Task: Each entry below must be written out exactly, with pictures left out.

Records for the task:
★ ★ ★ ★
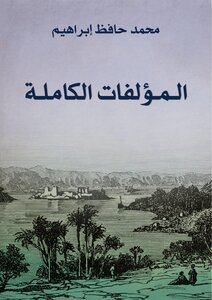 Diwan Hafez Ibrahim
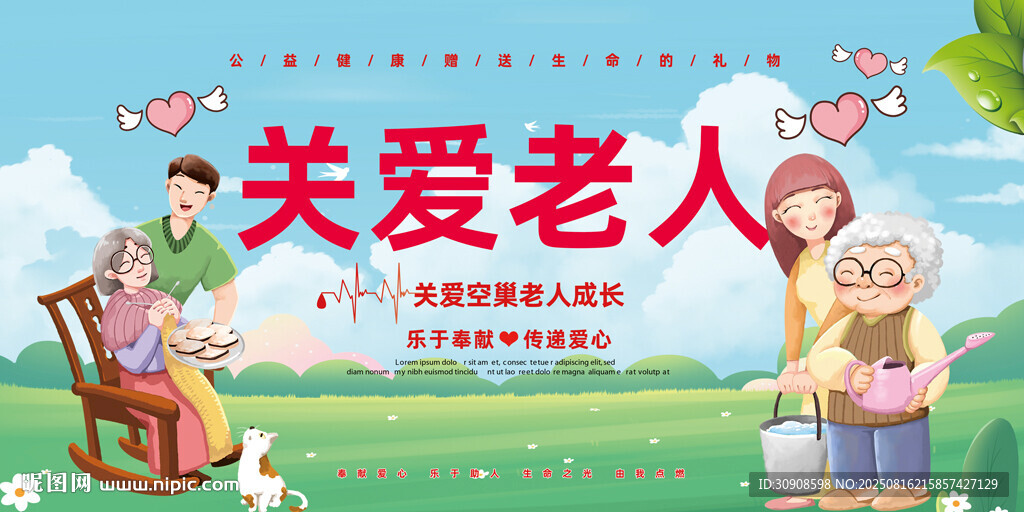 关爱老人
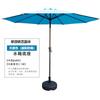 Outdoor Patio Sunshade Umbrella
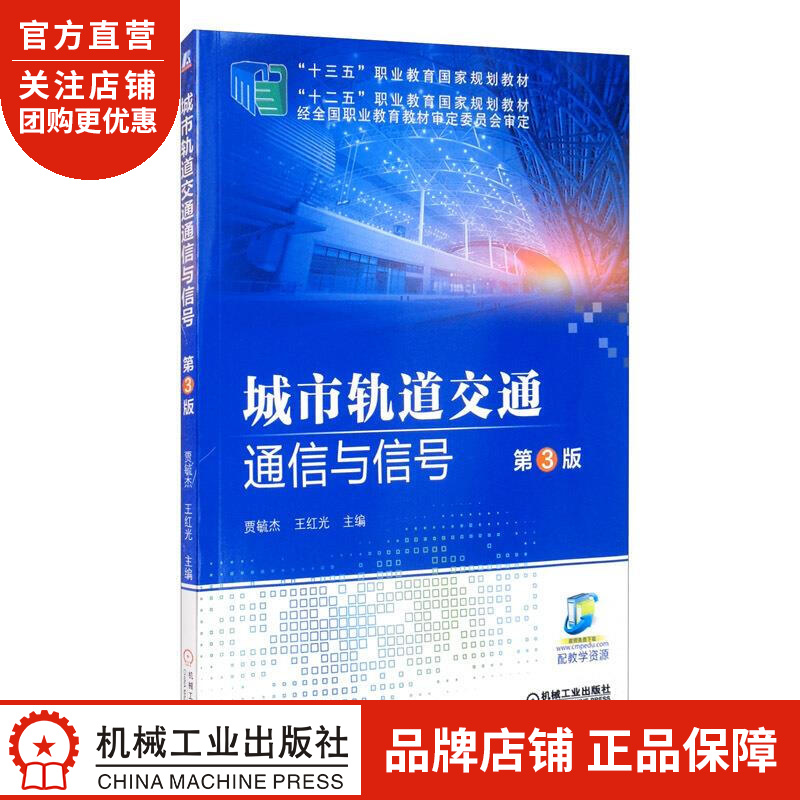 城市轨道交通通信与信号 第3版 贾毓杰 王红光|8078152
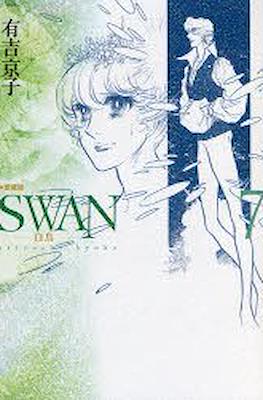 Swan スワン 白鳥 #7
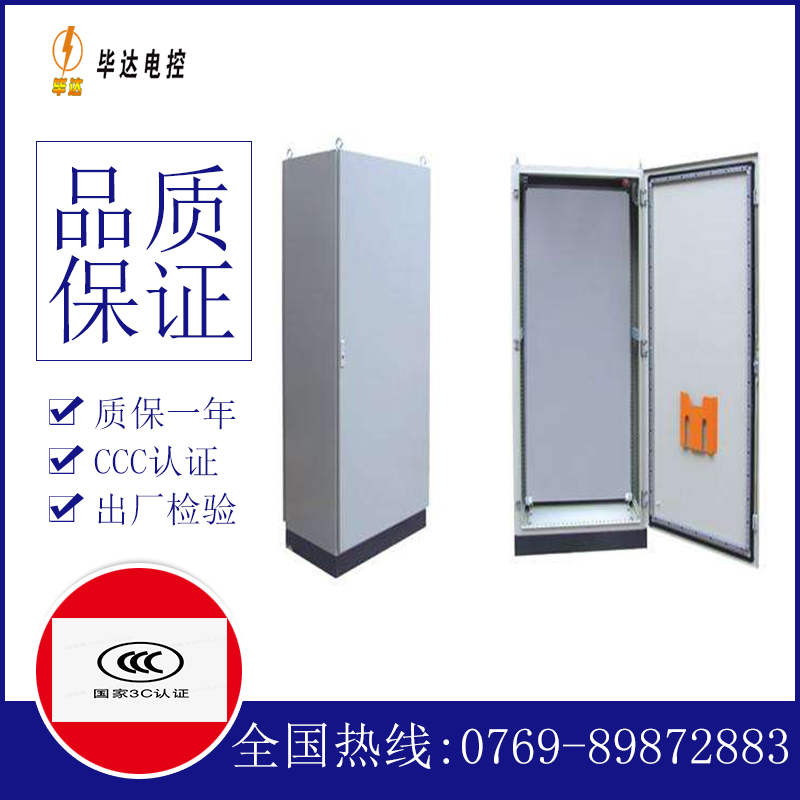 房县仿威图柜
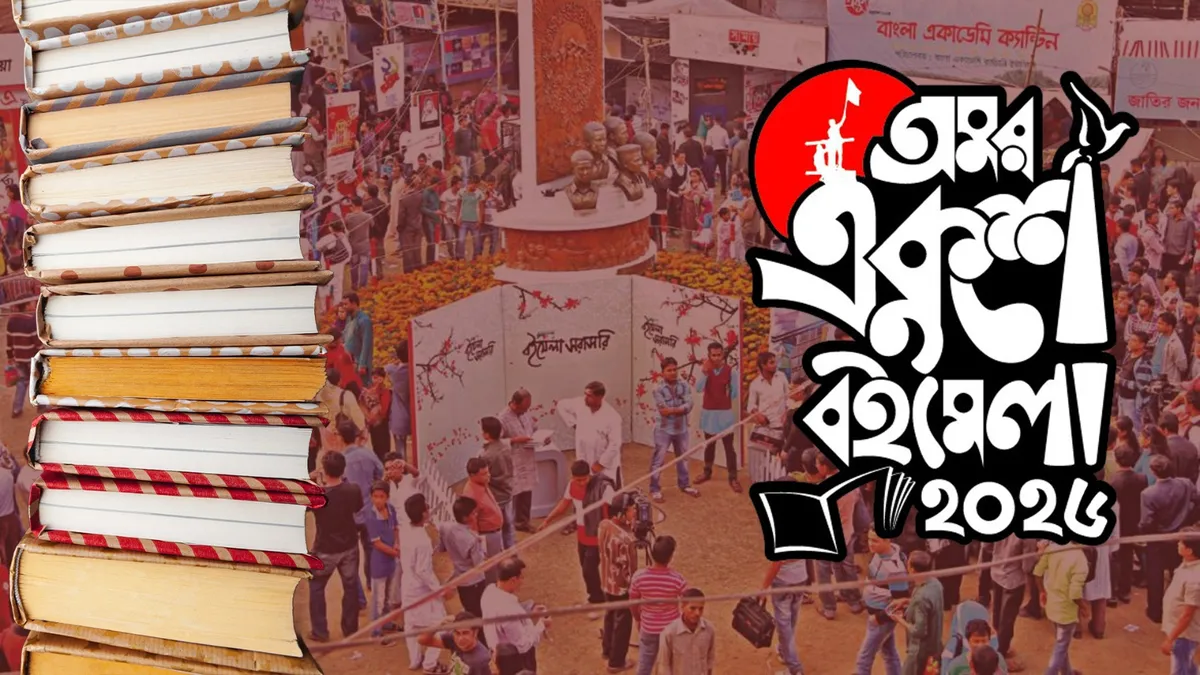 অমর একুশে বইমেলায় যাচ্ছেন সব প্রকাশক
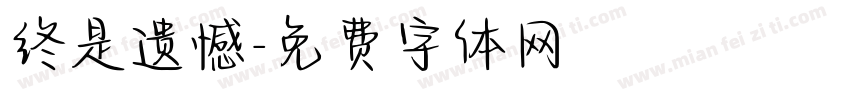 终是遗憾字体转换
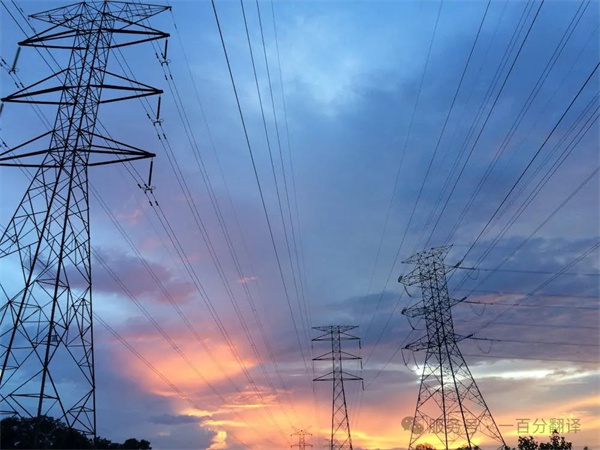 喜報!一百分斬獲“電力規劃總院”電力能源科研院所翻譯服務項目 喜報!一百分斬獲“電力規劃總院”電力能源科研院所翻譯服務項目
★ ★ ★ ★
Task solution:
 Diwan Hafez Ibrahim
 关爱老人
 Outdoor Patio Sunshade Umbrella
 城市轨道交通通信与信号 第3版 贾毓杰 王红光|8078152
 Swan スワン 白鳥 #7
 房县仿威图柜
 অমর একুশে বইমেলায় যাচ্ছেন সব প্রকাশক
 终是遗憾字体转换
 喜報!一百分斬獲“電力規劃總院”電力能源科研院所翻譯服務項目 喜報!一百分斬獲“電力規劃總院”電力能源科研院所翻譯服務項目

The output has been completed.